DON IVAN LETO*

Il lebbroso è l’emarginato per eccellenza. Perfino il Levitico, contenente le leggi di Mosé e le prescrizioni per il popolo, al capitolo “lebbrosi” stabiliva che questi gridassero “Impuro! Impuro!” per impedire a chiunque di accostarsi.

La lebbra è ripugnante perché sfigura e storpia.

Coperti di stracci, anche sul volto, i lebbrosi si annunciavano con campanacci portati addosso. Un muro si frapponeva fra i sani e i colpiti dalla lebbra. E Gesù? Trasgredendo la prescrizione, non solo si accosta, ma addirittura li tocca! La presenza di Gesù abbatte il muro di separazione. La storia dice che sono stati quelli di Cristo ad occuparsi per primi dei lebbrosi. Fra i tanti esempi è ben conosciuto l’episodio con protagonista Francesco d’Assisi, giovane e pieno di vita. E un giorno, a cavallo, ne incontra uno nei pressi di Assisi.

Ne provò ripugnanza istintiva, ma non volendo venir meno all’impegno di diventare “cavaliere di Cristo”, balzò di sella e, mentre il lebbroso gli stendeva la mano per ricevere l’elemosina, Francesco gliela diede, ma lo baciò anche.

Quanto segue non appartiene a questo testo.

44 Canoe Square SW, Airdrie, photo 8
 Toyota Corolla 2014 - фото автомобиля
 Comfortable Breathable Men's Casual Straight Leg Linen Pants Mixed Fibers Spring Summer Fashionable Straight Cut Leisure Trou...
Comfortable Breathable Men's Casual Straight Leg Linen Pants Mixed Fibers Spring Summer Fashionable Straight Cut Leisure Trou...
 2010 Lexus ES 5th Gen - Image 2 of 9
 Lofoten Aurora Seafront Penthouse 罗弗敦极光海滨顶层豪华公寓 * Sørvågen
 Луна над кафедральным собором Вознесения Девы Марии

Il lebbroso non era un maledetto da Dio.

La Bibbia non lo dice. Gesù stesso per amore si fece come un lebbroso condannato a morte infame. Lo aveva intravisto il profeta Isaia contemplando il servo di Iahvé: “Non ha apparenza né bellezza, disprezzato e reietto dagli uomini, come uno davanti al quale ci si copre la faccia e noi lo giudicavamo castigato, percosso da Dio e umiliato”. Gesù impone il silenzio al lebbroso perché non è coi segni straordinari che si conduce alla fede.

A guarire, prima ancora che il male dell’altro, devono essere i nostri occhi, capaci di riconoscere, in ogni altro, il nostro prossimo.